In der letzten Zeit schiessen mancherorts die Preise für Parkkarten in den Himmel. In manchen Städten oder Gemeinden waren/sind sogar vierstellige Beträge für Jahresparkkarten geplant. Die Gründe dafür sind vielfältig, doch in den meisten Fällen soll mit der Preiserhöhung auch eine Klima-Lenkungswirkung erreicht werden. Der Klima-Zweck soll quasi die Mittel heiligen.

Auch ich kann nachvollziehen, dass der ÖV aus Klimagründen so viel wie möglich genutzt werden soll. Deshalb mache ich mich immer wieder sehr stark, dass er preislich und angebotsmässig zeitgemäss weiterentwickelt wird. Ich möchte, dass er überzeugt – und ihn alle nutzen, die es können. Aber genau da liegt der Hase im Pfeffer: Es wird noch lange Menschen geben, für die der ÖV leider nicht funktioniert: Sei es, weil sie Schicht arbeiten. Sei es, weil sie abgelegen wohnen. Sei es, weil sie schlechte Anschlüsse haben oder weil sie viel transportieren müssen. Oder weil sie beruflich nicht anders können: Oder haben Sie schon mal einen Sanitär mit einem Lavabo im Tram gesehen?

Die Gründe sind vielfältig, aber auch diese Menschen haben ein Recht auf bezahlbare Mobilität. Deshalb setze ich mich unter anderem dafür ein, dass die Preise der Parkkarten bezahlbar bleiben und nicht eine oft hypothetische maximale Lenkungswirkung den Preis diktiert. Aufgrund der mir vorliegenden Daten bin ich der Auffassung, dass ein verhältnismässiger und äquivalenter Tarif für die Anwohner-Parkkarten den Betrag von 400 Franken pro Jahr nicht übersteigen sollte.

Das habe ich vielen Städten und Gemeinden bereits empfohlen. Allein in diesem Jahr konnte ich bei rund zehn Städten und Gemeinden der Deutschschweiz und des Kantons Waadt grosse beziehungsweise sehr grosse Preissprünge verhindern. Darunter waren unter anderen die Städte Baden und Bern.

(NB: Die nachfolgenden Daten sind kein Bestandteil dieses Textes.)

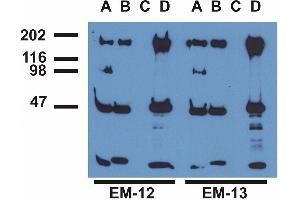 Immunoprecipitation ofEGFR from EGF-treated A431 cells by monoclonal antibodies EM-12 (A), (B), a commercial anti-EGFR polyclonal antibody (C)and anti-EGFR monoclonal mAb108 (D). (EGFR antibody  (Tyr1173))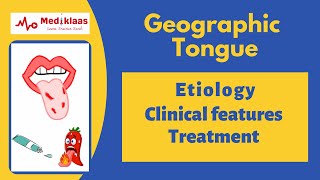 Geographic tongue Benign Migratory Glossitis [upl. by Bartholomeo623]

In Bern ist noch Bewegung in der Sache: Denn obwohl die geplante Erhöhung, auch aufgrund meiner Empfehlung, nur noch rund halb so hoch ausfallen soll wie ursprünglich geplant, sind noch zahlreiche Bernerinnen und Berner der Meinung, dass auch das zu viel ist. Die Unterschriftensammlung für ein Referendum läuft.

In meinen Augen ist das auch ein Zeichen dafür, dass einige Menschen an ihren finanziellen Belastungsgrenzen angekommen sind. Deshalb frage ich besorgt: Ist es richtig, Schichtarbeiter, Tramchauffeure (jemand muss am Morgen ja das erste Tram aus dem Depot fahren!) oder abgelegen wohnende Detailhandelsangestellte über ihr ohnehin oft kleines Portemonnaie lenken zu wollen?

Meine Überzeugung ist, dass Motivation, also gute Alternativ-Angebote, der bessere Weg sind. Auf diese Art können all jene gelenkt werden, die lenkbar sind – und die, die es nicht oder noch nicht sind, können auch leben. Richtig ist, wir sitzen alle in einem Boot und müssen schneller vorwärtskommen. Die Lösung muss sein, den Antrieb zu verbessern, und nicht, die Hälfte der Mannschaft über Bord gehen zu lassen.